Pypy Threw My Projects Bottom-Up
In the beginning of this week, I read Laurence Tratt's Fast VM -post. Since then it's been an understatement to say that I am excited about the pypy. Tratt's posts are overall interesting reading.
I worked on for months in solid and the snakelisp -projects. Using Pypy I have already gotten beyond goals of these projects. Compared to what I can get done with RPython, continuing these projects and using C would be pointless.
Pypy offers unforeseeable succinctness for a language designer:
- No header files to write
- No types to type
- Optional memory management, this is invaluable as many memory layouts aren't that important. Needing an another data structure won't put you split your hair.
- Many constructs are generated by the compiler, or by your code, rather than by you.
RPython treats the whole program as a single unit, producing gruesome and difficult error reports. I've experienced a difference to java/C/C++ type systems i can't really explain. It's a harder puzzle with larger rewards: Figuring out why the error happened provides an insight of the program. Apparently static typing may actually do interesting things without those type annotations.

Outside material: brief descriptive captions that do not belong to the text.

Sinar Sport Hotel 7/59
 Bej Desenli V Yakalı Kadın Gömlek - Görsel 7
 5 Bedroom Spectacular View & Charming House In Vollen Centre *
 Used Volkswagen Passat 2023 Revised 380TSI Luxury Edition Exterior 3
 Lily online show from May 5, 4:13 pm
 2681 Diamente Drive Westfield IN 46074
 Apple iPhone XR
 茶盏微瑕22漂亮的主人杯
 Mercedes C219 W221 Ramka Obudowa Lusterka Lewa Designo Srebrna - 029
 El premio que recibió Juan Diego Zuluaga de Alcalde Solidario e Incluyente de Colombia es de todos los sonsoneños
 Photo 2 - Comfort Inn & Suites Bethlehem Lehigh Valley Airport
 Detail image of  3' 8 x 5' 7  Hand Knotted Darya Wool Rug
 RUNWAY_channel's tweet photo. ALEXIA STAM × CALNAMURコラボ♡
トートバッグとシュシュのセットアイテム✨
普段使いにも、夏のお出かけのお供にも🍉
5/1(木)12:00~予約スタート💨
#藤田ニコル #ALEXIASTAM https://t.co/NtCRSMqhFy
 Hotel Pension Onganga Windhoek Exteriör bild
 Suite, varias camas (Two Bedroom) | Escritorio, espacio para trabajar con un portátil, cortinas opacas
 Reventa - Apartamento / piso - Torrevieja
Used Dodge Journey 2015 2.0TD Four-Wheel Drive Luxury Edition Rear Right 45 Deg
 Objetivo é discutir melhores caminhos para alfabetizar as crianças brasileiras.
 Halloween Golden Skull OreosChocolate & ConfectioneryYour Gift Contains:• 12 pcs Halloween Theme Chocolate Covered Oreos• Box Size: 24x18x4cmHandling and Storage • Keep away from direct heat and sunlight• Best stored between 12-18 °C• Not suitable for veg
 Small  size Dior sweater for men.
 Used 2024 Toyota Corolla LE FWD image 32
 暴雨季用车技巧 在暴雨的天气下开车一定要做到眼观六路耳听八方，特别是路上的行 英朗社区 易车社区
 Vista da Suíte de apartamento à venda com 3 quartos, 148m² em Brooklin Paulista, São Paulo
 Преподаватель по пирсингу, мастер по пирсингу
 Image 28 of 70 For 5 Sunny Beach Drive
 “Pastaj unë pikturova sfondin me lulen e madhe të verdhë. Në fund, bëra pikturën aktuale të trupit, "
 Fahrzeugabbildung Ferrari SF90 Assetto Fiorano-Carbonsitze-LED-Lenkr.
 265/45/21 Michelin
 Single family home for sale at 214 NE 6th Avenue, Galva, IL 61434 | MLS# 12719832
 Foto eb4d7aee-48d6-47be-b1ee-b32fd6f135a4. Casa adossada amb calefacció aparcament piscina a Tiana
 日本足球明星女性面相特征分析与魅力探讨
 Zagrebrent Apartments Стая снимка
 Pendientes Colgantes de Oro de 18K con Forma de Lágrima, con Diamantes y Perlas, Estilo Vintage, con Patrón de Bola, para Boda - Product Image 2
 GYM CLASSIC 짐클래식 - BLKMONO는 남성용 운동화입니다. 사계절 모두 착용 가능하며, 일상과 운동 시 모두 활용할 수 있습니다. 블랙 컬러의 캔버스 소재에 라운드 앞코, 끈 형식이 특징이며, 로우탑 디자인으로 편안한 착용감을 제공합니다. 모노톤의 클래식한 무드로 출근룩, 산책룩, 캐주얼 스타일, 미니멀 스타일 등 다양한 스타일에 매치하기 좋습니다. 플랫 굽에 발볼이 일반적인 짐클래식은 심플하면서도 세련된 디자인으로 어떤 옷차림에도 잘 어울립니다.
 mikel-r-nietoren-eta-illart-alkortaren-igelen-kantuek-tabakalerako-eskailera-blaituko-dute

You can test your program in pypy. RPython won't run everything pypy cans, so occassionally you have to compile. I'm happy to how the compiler ignores all the code not reachable in runtime. For some reason it takes 80 seconds for rpython to compile my project. Some task called "database_c" spends half of that time.
Before pypy I considered for tradeoffs, such as imitating well known interpreters. Now I can afford to design things properly, with benchmarks and experiments leading every feature. I still expect early articulate syntax to be a pathway to bikeshedding. I'm sticking to really canonical form of lisp until I am informed enough to give the language a great syntax.
I've looked into other pypy.rpython -projects: Pixie and Trifle Lisp. The experience has been enjoyable. I found the exact things I'm interested about and studied how they work in these projects. In the Pixie I found a memory overflow bug in it's FFI. It's sales pitch seem to rely heavily to the features provided by Pypy.
In both projects I have to consider rpython as an enabling force. Even with their flaws, these projects would exist in much lesser form without it. I am glad about these projects, and rpython's influence on them. They present humongous increase of mobility and potential.
My latest project is pyllisp. The name has etymology on how much bottom-up the pypy threw me. The goal was to study which kind of interpreter would perform best for my language. Since then scope has been expanded. I'm trying out some ideas for an FFI, experiment with different forms of interactive programming. Looking for unique semantics and their effect to coding. I'm doing that because now I can.
I'll make sure my language will support abstract interpretation of it's bytecode, out of the box.